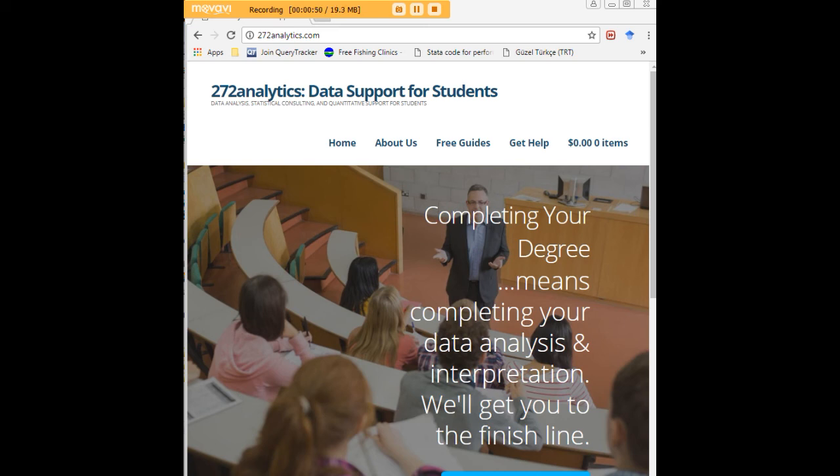What they mean in a manner that lets you write a perfect chapter 4 following a perfect chapter 3 and lets you defend your dissertation or thesis with complete confidence.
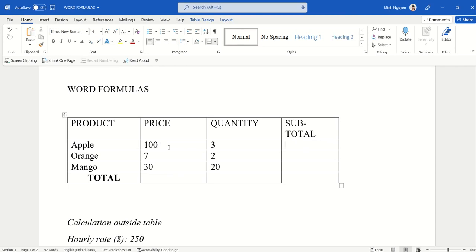Now what I really want to do is multiply price times quantity to get a subtotal for each row, and then do a grand total which is the sum of all the subtotals at the end. So let's learn how this can be done.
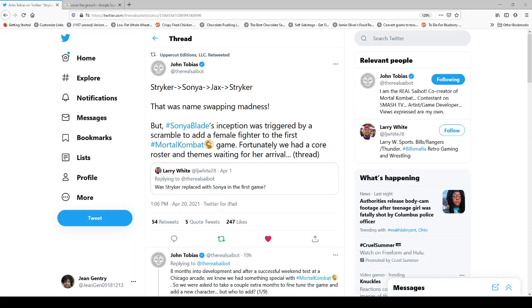Hello everyone, this is Jean and I'm back with another video. So I came across this tweet thread by John Tobias, who as he says here on his profile, I am the real Saibot, which of course is a reference to the character Noob Saibot, who was the original Sub-Zero, and by original Sub-Zero I mean the one from Mortal Kombat 1.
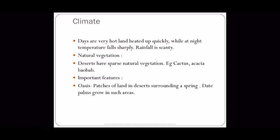Only a few plants like cactus, acacia, and baobab can be seen. The most important feature in a desert is an oasis. It is a patch of land in the desert surrounding a spring, where date palms grow in such areas.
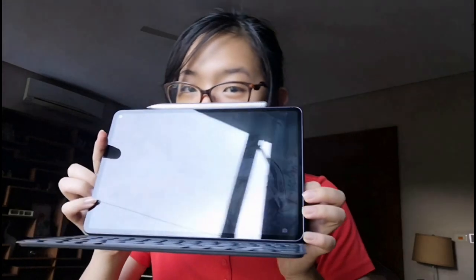Hi, today I'm going to talk about the Huawei MateBook Pro and how I use it as a student, and how it helps me in student life.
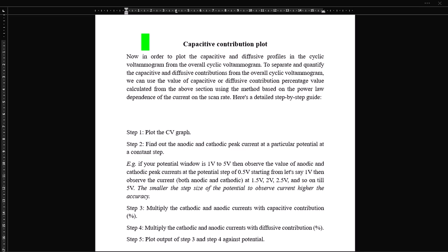In order to separate and quantify the capacitive and diffusive contribution from the overall cyclic voltammogram, we can use the percentage values calculated from the previous section using the method called the power law — specifically a modified power law — which describes the dependence of the current on the scan rate. Here is a step-by-step guide on how to plot capacitive and diffusive profiles in a cyclic voltammogram.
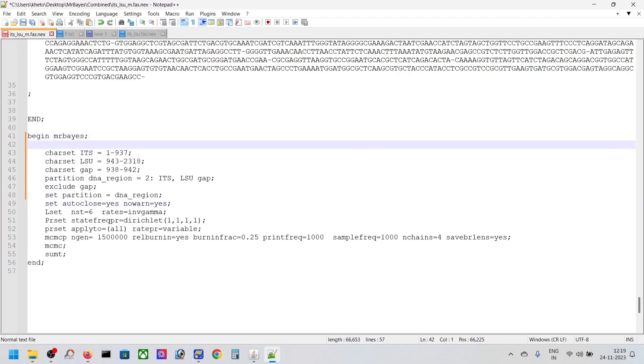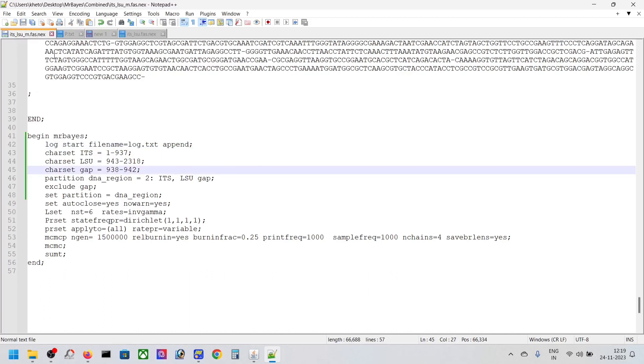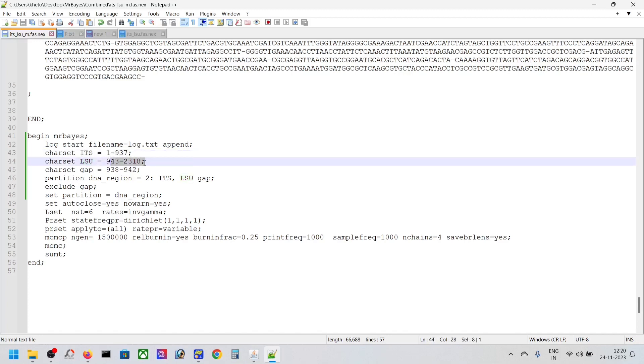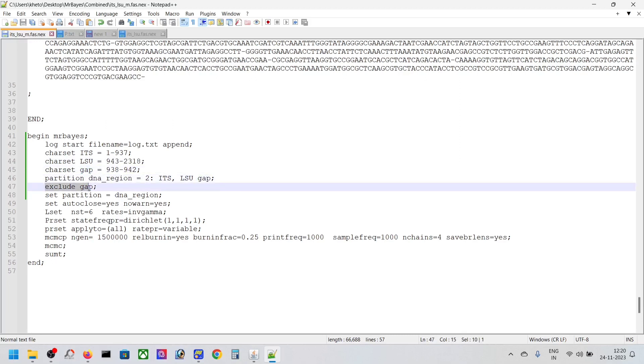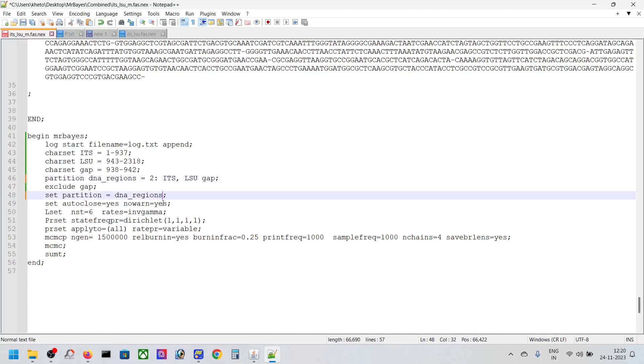If you want to create a log, just put log file characters. This will start the log with the name log.txt. This is your Nexus file, and we'll include it in the analysis. Save it. You can see we have our character set from here to here for ITS and LSU, then GAP. We're excluding GAP and we have partition DNA region with two partitions.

▶ **Task directions**
Please retype every record exactly, leaving the pictures out.

▶ **Output for this exercise**
What they mean in a manner that lets you write a perfect chapter 4 following a perfect chapter 3 and lets you defend your dissertation or thesis with complete confidence.
Now what I really want to do is multiply price times quantity to get a subtotal for each row, and then do a grand total which is the sum of all the subtotals at the end. So let's learn how this can be done.
Hello everyone, this is Jean and I'm back with another video. So I came across this tweet thread by John Tobias, who as he says here on his profile, I am the real Saibot, which of course is a reference to the character Noob Saibot, who was the original Sub-Zero, and by original Sub-Zero I mean the one from Mortal Kombat 1.
Only a few plants like cactus, acacia, and baobab can be seen. The most important feature in a desert is an oasis. It is a patch of land in the desert surrounding a spring, where date palms grow in such areas.
Hi, today I'm going to talk about the Huawei MateBook Pro and how I use it as a student, and how it helps me in student life.
In order to separate and quantify the capacitive and diffusive contribution from the overall cyclic voltammogram, we can use the percentage values calculated from the previous section using the method called the power law — specifically a modified power law — which describes the dependence of the current on the scan rate. Here is a step-by-step guide on how to plot capacitive and diffusive profiles in a cyclic voltammogram.
If you want to create a log, just put log file characters. This will start the log with the name log.txt. This is your Nexus file, and we'll include it in the analysis. Save it. You can see we have our character set from here to here for ITS and LSU, then GAP. We're excluding GAP and we have partition DNA region with two partitions.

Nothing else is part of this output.